Hay una herida. Una herida que nunca cicatriza y que quizás
compartimos. Duele como injusticia, tiene el color de la incomprensión. ¿Se
abre un poquito más cuando nos negamos a mirar a los ojos? ¿Esperamos algún
antídoto? El dolor afloja cuando nos damos cuenta que nos acompañamos. Y si aparece ese dedo acusador que nos toca
justo ahí y nos sigue haciendo mal, la herida se hace más grande. Y también
somos la indiferencia cuando comemos, cuando caminamos del trabajo a la casa y
de la casa a otras actividades mientras a uno de nosotros lo ahogan por un
pueblo y a otro le disparan por la espalda, mientras los trendin topic de las
redes sociales son reclamos que quedan en la nada y que tristemente también desaparecen.
Como desaparecemos nosotras creyendo ingenuamente que la revolución es virtual
y no intentamos al menos la rebeldía personal, poniendo a prueba nuestra
valentía, enfrentando nuestros miedos con el sello de la belleza y la unión que nos
caracteriza.
Se agranda, la herida se agranda. Con cada estereotipo:
loco, triste, fea, linda, feliz. ¿Es que hay alguien que pueda entender cómo
nos sentimos? A pesar de que nos destruimos, nos asustamos, nos juzgamos,
también aprendemos y mantenemos encendida la llama de la conciencia.

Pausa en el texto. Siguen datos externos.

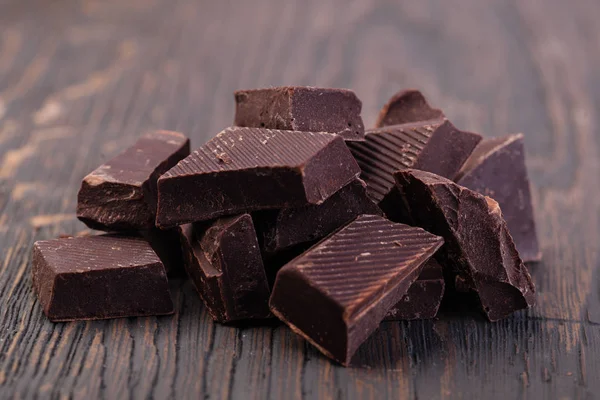 Potongan coklat hitam alami di atas meja kayu — Stok Foto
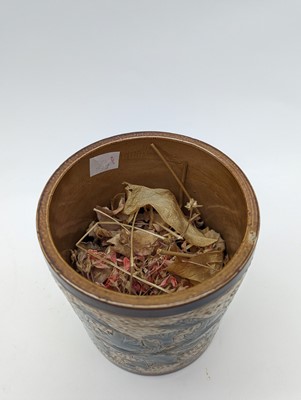 Lot 41 - A Doulton Lambeth stoneware tobacco jar and two pots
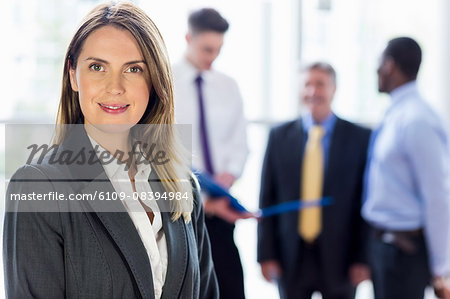 Businesswoman posing while her colleagues in background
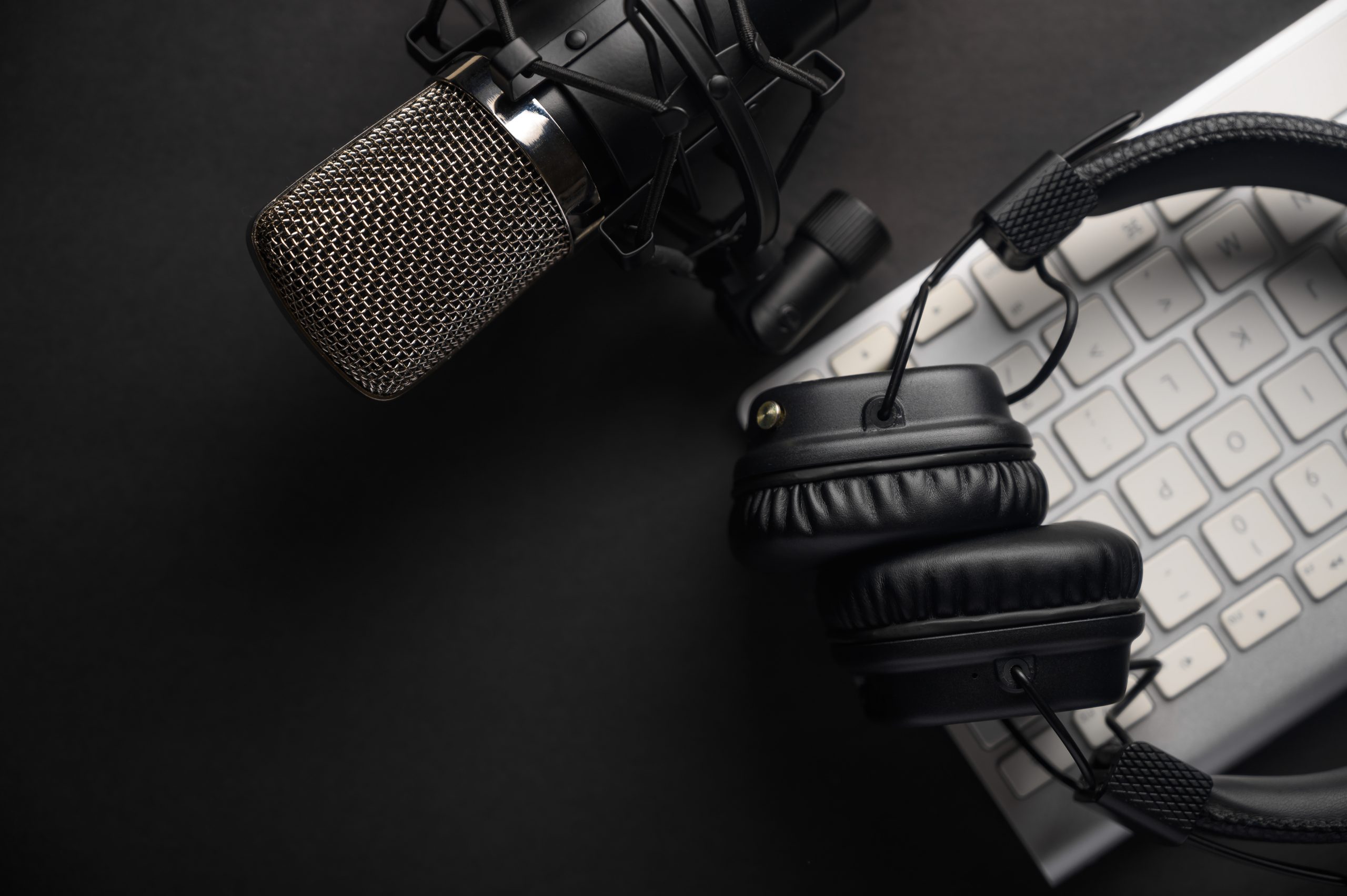 Plano, micrófono de estudio con auriculares profesionales en un teclado de PC. Negro sobre un fondo negro. Podcasts, radio, transmisiones, blogs, trabajar con sonido, grabar pistas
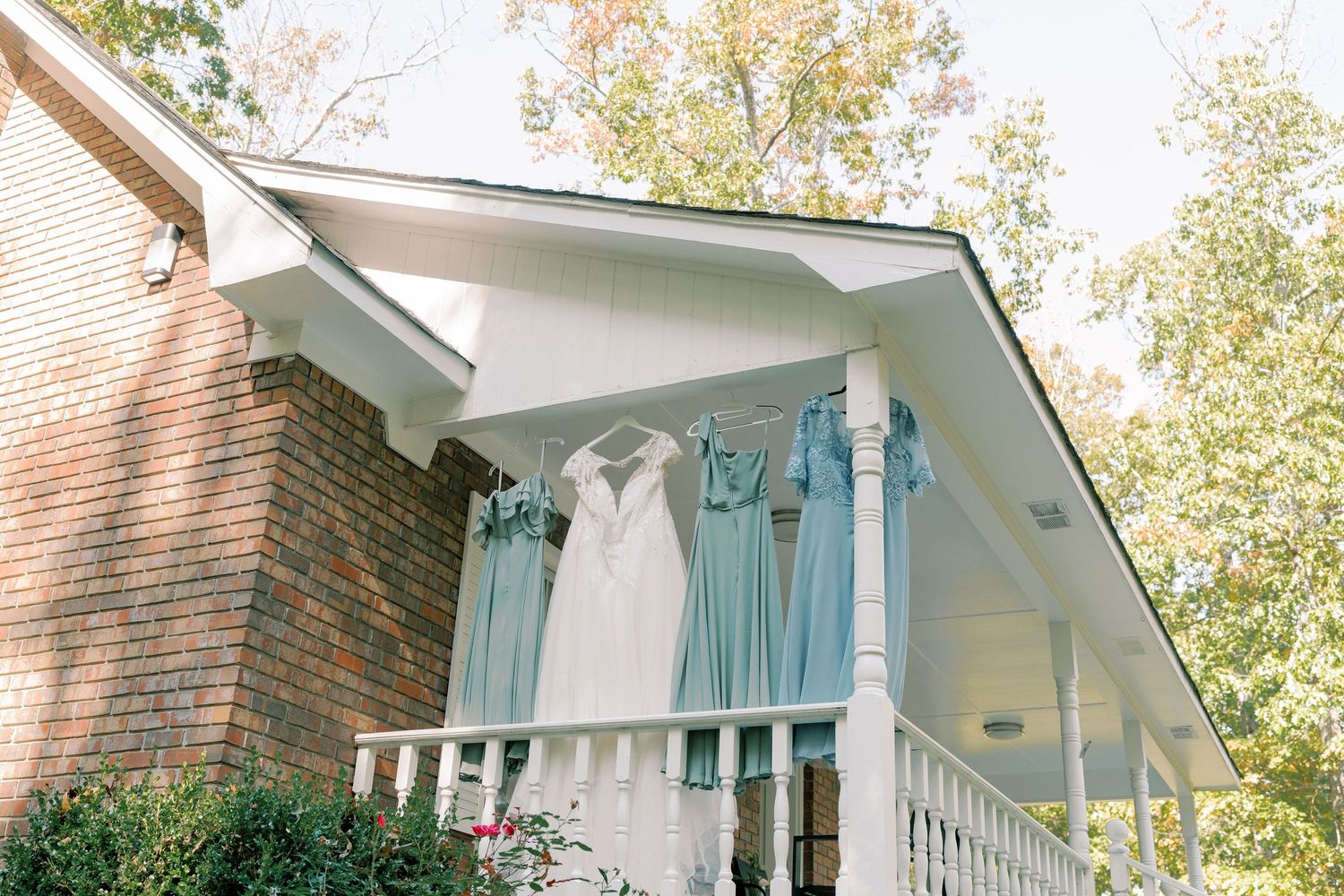 Wedding and bridesmaid dresses displayed on front porch of brick house with white railings.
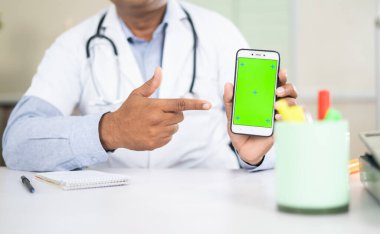 Doktorun yeşil ekran cep telefonunu kamerayı işaret ederek gösteren yakın plan görüntüsü - uygulamanın internet üzerinden tıbbi kontrolünün onaylanması.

Seguimos buscando algún remedio para sanar. Lo intuimos cerca. ¿En los pequeños
gestos? ¿En las buenas intenciones? ¿En lo que nos enseñan las experiencias?
Nos preguntamos y alimentamos ese amor que surge de las plantas en las grietas de las paredes que entre el cemento y sin tierra aprenden a florecer.